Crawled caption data
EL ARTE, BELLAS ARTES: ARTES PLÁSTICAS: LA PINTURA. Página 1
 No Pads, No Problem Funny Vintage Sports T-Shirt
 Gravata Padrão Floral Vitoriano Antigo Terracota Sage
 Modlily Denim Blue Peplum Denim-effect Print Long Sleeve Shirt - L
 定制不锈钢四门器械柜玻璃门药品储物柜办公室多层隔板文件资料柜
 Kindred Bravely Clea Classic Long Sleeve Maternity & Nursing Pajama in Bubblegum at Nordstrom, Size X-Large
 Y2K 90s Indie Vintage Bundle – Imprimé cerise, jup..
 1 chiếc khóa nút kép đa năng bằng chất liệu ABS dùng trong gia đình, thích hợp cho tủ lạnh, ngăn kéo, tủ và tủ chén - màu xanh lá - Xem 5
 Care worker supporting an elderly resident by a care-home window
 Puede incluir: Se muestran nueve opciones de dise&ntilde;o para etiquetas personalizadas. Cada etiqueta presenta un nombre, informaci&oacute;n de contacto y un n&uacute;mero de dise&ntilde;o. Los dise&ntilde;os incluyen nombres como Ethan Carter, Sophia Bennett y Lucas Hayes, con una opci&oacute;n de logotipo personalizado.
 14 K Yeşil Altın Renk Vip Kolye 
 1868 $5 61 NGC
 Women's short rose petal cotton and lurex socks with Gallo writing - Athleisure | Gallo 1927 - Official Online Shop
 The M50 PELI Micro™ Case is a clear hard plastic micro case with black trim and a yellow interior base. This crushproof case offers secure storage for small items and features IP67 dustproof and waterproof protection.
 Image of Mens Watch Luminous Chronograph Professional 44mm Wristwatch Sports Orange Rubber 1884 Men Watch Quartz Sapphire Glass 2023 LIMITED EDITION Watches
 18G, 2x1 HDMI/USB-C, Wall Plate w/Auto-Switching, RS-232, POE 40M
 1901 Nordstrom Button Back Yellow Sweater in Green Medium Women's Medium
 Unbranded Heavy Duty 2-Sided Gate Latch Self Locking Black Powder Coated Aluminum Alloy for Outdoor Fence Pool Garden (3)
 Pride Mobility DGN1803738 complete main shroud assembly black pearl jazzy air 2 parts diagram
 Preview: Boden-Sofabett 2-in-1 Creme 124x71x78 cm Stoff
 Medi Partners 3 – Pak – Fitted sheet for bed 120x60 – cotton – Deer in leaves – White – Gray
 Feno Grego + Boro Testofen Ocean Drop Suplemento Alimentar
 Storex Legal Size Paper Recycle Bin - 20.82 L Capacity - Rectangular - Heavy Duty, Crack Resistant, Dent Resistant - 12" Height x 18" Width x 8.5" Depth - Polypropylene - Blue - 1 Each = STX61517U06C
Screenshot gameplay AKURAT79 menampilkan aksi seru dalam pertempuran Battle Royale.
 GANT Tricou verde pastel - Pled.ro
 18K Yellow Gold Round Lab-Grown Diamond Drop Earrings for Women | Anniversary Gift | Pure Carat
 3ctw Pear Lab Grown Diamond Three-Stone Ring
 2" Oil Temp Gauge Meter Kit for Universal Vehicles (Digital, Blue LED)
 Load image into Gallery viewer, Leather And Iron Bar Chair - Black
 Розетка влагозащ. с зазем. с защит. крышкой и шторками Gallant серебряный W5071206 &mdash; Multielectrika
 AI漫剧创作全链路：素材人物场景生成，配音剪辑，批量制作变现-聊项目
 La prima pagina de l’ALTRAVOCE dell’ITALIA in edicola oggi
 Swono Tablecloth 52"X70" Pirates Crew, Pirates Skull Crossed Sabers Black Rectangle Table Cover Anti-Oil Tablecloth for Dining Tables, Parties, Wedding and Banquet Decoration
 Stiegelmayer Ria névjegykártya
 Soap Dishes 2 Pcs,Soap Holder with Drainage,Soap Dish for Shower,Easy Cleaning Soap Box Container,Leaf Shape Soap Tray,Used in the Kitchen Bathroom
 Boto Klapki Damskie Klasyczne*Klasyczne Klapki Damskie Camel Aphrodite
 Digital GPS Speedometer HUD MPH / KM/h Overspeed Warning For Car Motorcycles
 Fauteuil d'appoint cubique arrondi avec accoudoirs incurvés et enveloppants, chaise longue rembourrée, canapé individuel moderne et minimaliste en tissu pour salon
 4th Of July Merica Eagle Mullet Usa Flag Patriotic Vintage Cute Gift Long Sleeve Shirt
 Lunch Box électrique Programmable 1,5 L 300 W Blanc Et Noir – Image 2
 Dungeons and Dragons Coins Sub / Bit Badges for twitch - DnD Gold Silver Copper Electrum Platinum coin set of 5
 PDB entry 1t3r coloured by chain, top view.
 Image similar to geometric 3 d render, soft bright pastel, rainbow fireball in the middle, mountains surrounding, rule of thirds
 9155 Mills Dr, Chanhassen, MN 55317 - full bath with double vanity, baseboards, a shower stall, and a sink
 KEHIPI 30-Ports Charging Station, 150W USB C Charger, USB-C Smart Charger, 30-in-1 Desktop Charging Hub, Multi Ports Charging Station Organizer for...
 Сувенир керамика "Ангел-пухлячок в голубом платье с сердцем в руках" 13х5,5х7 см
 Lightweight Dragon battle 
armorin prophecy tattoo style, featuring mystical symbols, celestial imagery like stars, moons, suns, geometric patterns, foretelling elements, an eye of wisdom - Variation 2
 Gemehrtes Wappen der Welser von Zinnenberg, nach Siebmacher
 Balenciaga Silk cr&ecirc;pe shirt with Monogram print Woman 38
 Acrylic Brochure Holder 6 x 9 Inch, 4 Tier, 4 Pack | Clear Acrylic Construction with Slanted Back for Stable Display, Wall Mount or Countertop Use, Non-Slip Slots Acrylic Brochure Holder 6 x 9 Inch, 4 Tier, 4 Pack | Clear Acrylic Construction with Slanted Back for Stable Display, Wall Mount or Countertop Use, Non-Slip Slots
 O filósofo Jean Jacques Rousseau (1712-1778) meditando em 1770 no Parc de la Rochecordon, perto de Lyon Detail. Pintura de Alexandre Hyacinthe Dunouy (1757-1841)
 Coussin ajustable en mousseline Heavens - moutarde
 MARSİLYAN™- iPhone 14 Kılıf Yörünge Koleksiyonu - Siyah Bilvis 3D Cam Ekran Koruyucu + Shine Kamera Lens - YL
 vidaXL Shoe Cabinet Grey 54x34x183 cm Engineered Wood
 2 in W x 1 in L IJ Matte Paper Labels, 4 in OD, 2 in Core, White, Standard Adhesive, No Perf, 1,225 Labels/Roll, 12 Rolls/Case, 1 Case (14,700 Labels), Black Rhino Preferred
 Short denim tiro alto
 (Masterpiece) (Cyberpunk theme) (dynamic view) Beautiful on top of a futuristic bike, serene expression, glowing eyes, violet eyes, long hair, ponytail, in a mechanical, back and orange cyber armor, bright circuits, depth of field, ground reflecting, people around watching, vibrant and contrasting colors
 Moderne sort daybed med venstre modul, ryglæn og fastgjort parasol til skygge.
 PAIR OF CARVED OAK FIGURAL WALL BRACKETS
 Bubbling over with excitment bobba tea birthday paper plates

▶ REQUIRED WORK
The required output is every line above from the one with "Preview: Boden-Sofabett 2-in-1" down to the one with "Stiegelmayer Ria névjegykártya", restated word for word, ends included.

▶ TASK RESPONSE
 Preview: Boden-Sofabett 2-in-1 Creme 124x71x78 cm Stoff
 Medi Partners 3 – Pak – Fitted sheet for bed 120x60 – cotton – Deer in leaves – White – Gray
 Feno Grego + Boro Testofen Ocean Drop Suplemento Alimentar
 Storex Legal Size Paper Recycle Bin - 20.82 L Capacity - Rectangular - Heavy Duty, Crack Resistant, Dent Resistant - 12" Height x 18" Width x 8.5" Depth - Polypropylene - Blue - 1 Each = STX61517U06C
Screenshot gameplay AKURAT79 menampilkan aksi seru dalam pertempuran Battle Royale.
 GANT Tricou verde pastel - Pled.ro
 18K Yellow Gold Round Lab-Grown Diamond Drop Earrings for Women | Anniversary Gift | Pure Carat
 3ctw Pear Lab Grown Diamond Three-Stone Ring
 2" Oil Temp Gauge Meter Kit for Universal Vehicles (Digital, Blue LED)
 Load image into Gallery viewer, Leather And Iron Bar Chair - Black
 Розетка влагозащ. с зазем. с защит. крышкой и шторками Gallant серебряный W5071206 &mdash; Multielectrika
 AI漫剧创作全链路：素材人物场景生成，配音剪辑，批量制作变现-聊项目
 La prima pagina de l’ALTRAVOCE dell’ITALIA in edicola oggi
 Swono Tablecloth 52"X70" Pirates Crew, Pirates Skull Crossed Sabers Black Rectangle Table Cover Anti-Oil Tablecloth for Dining Tables, Parties, Wedding and Banquet Decoration
 Stiegelmayer Ria névjegykártya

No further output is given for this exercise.